Captioned web images:

⟨

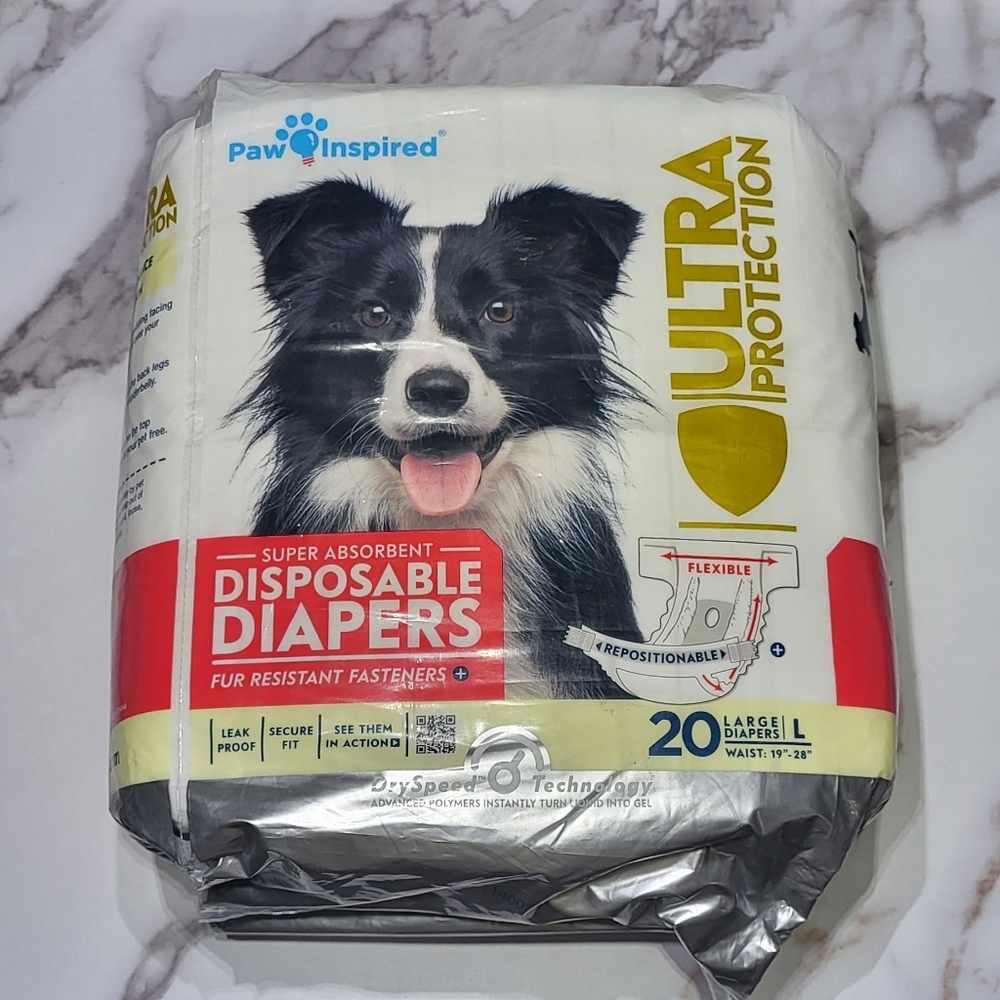 Paw Inspired NIP Dog Super Absorbent Disposable Diapers Size Large- 20ct - Picture 2 of 8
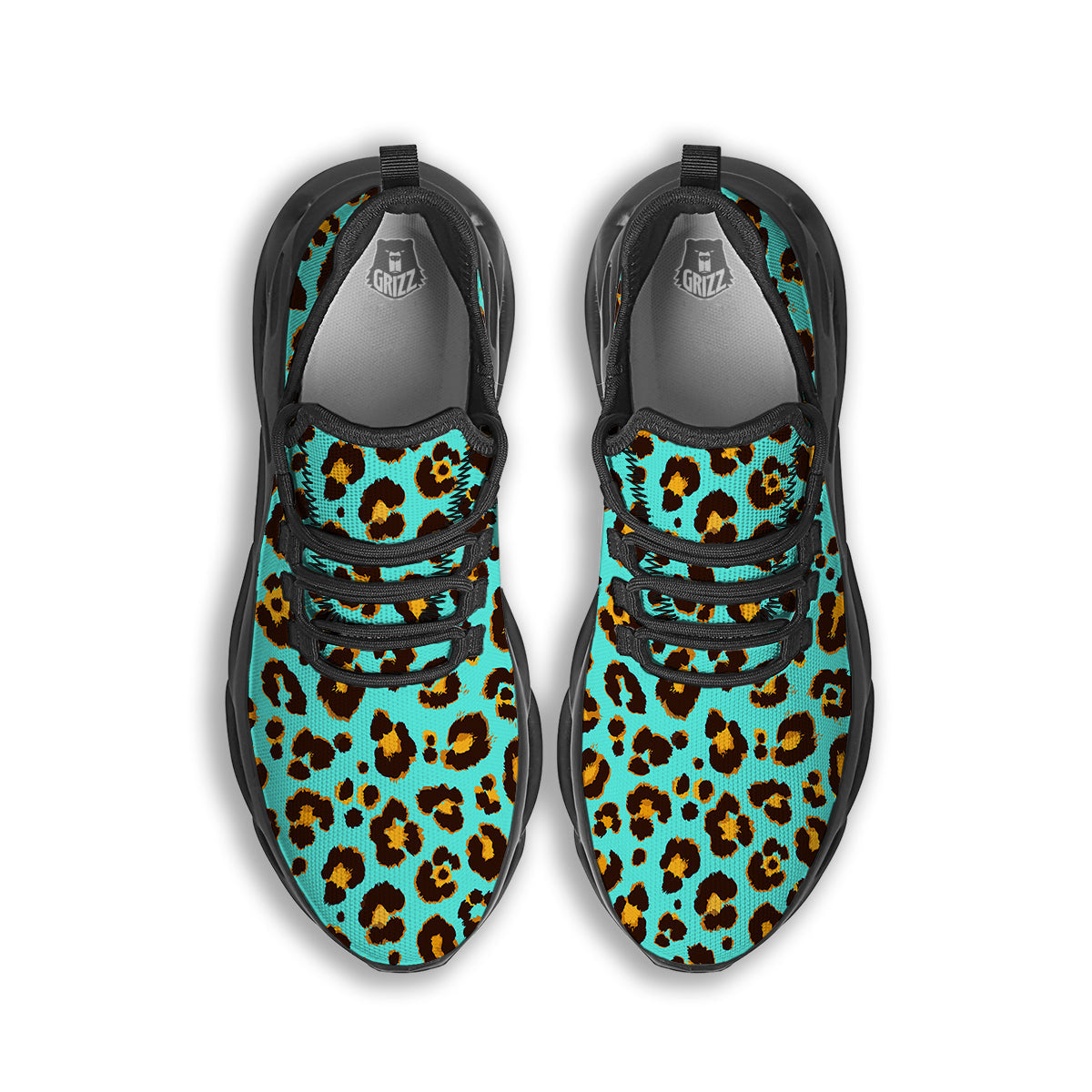 Leopard Turquoise Print Pattern Black Running Shoes-grizzshop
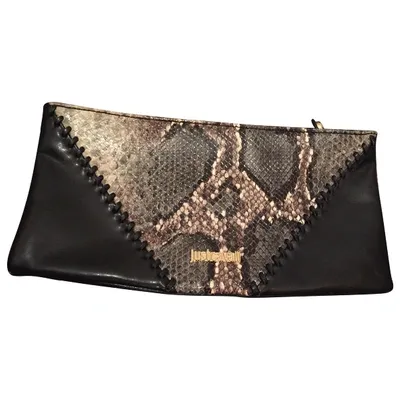 Pre-owned Just Cavalli Blake  Snake Cavalli Clutch Bag In Black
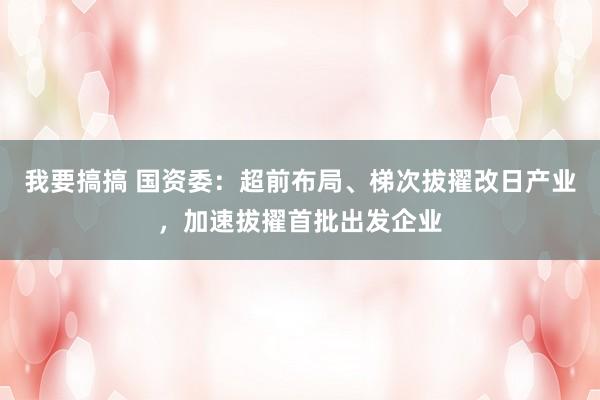 我要搞搞 国资委：超前布局、梯次拔擢改日产业，加速拔擢首批出发企业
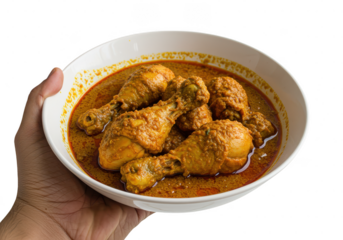 A hand holding a white bowl filled with chicken drumsticks in a rich and flavorful curry sauce on transparent background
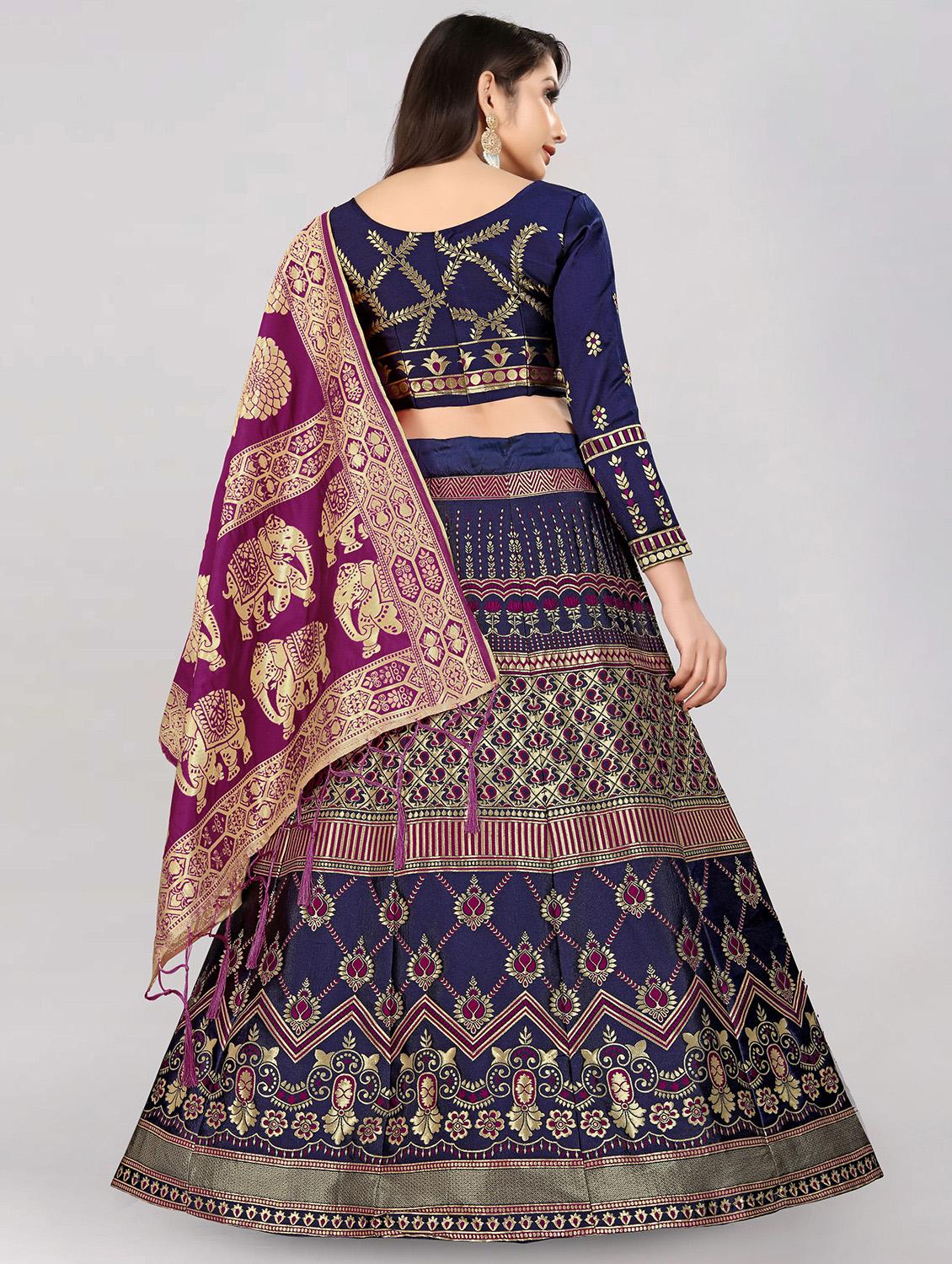 purple banarasi flared lehenga - 18309480 - Standard Image - 2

⟩

Could you transcribe the records above exactly, leaving out any pictures?

 Paw Inspired NIP Dog Super Absorbent Disposable Diapers Size Large- 20ct - Picture 2 of 8
 Leopard Turquoise Print Pattern Black Running Shoes-grizzshop
 Pre-owned Just Cavalli Blake  Snake Cavalli Clutch Bag In Black
 我要搞搞 国资委：超前布局、梯次拔擢改日产业，加速拔擢首批出发企业
 A hand holding a white bowl filled with chicken drumsticks in a rich and flavorful curry sauce on transparent background
 purple banarasi flared lehenga - 18309480 - Standard Image - 2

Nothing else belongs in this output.